**Given data**.
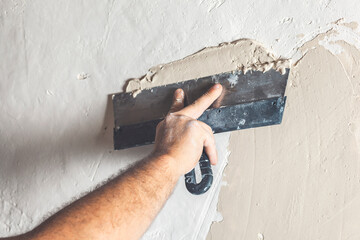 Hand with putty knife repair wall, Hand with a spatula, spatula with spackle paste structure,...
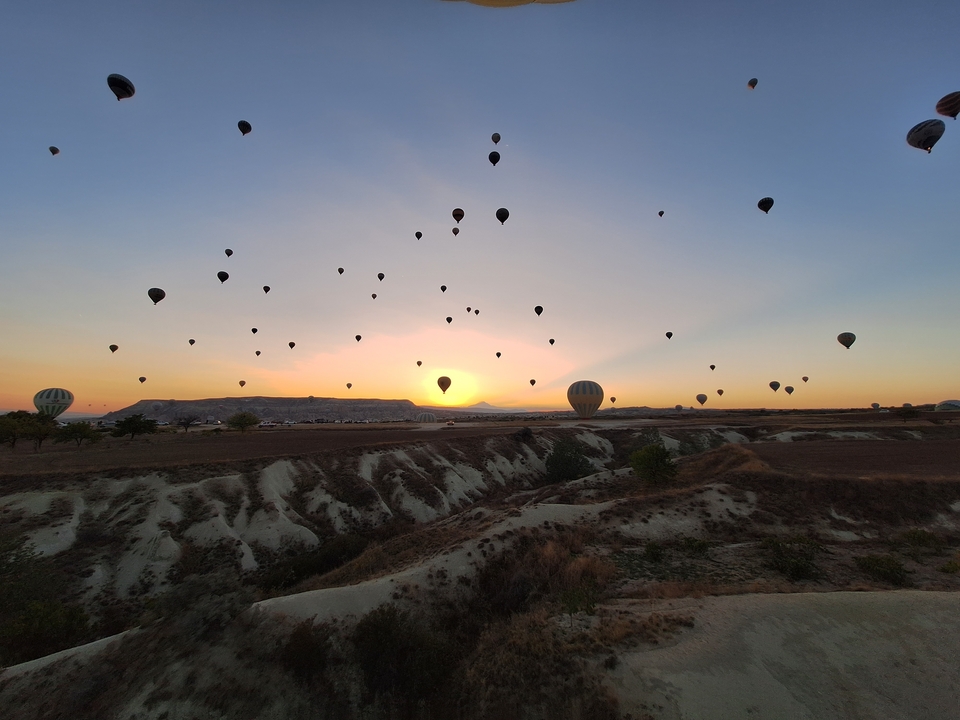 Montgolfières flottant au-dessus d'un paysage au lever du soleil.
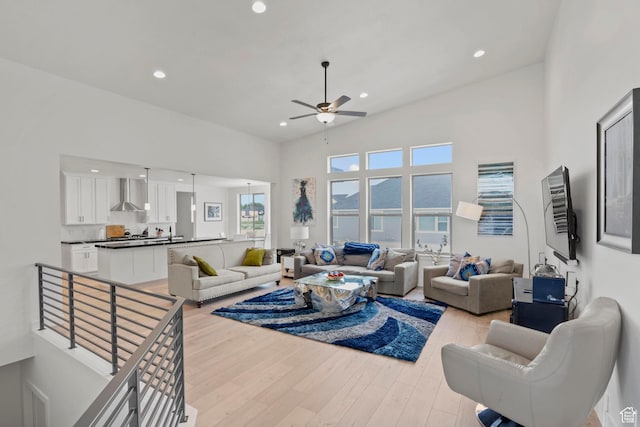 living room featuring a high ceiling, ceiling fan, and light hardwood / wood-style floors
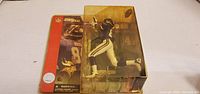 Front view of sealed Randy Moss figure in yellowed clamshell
* * *
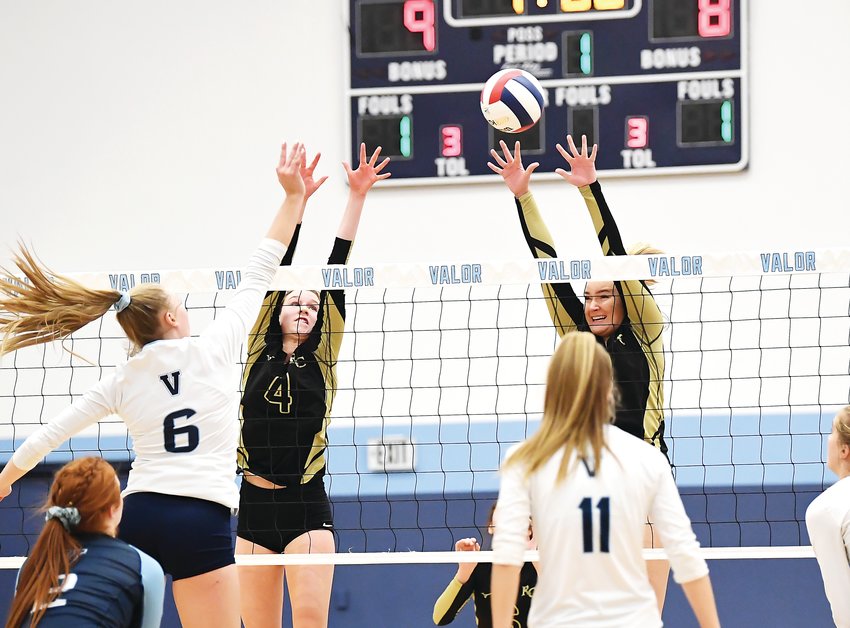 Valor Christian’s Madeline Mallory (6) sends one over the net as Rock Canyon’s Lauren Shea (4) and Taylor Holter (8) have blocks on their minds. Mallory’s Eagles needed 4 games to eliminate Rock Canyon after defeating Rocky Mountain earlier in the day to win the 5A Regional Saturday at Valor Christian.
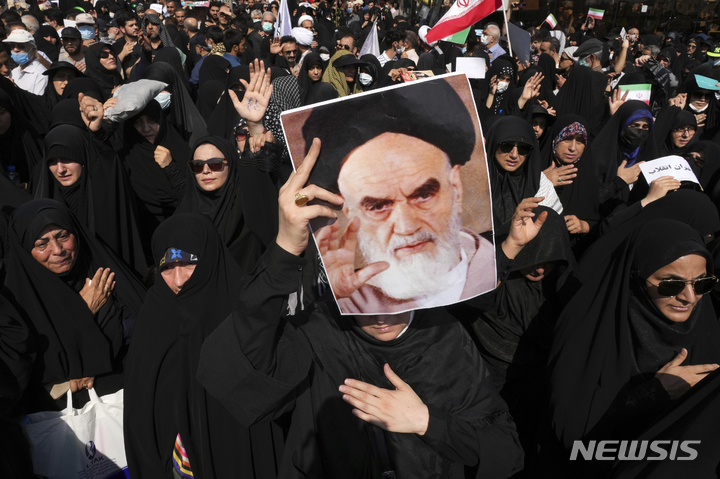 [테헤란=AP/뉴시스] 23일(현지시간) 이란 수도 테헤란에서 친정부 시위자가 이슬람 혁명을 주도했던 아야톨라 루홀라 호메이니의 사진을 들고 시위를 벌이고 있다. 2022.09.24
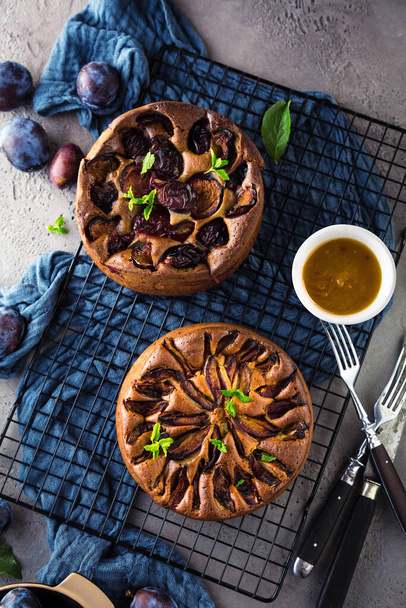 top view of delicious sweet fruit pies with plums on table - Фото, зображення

**Problem description**.
From the records above, copy only the lines running from the line holding "Hand with putty" through the line holding "Front view of", with no pictures.

**Response to this exercise**.
 Hand with putty knife repair wall, Hand with a spatula, spatula with spackle paste structure,...
 Montgolfières flottant au-dessus d'un paysage au lever du soleil.
 living room featuring a high ceiling, ceiling fan, and light hardwood / wood-style floors
 Front view of sealed Randy Moss figure in yellowed clamshell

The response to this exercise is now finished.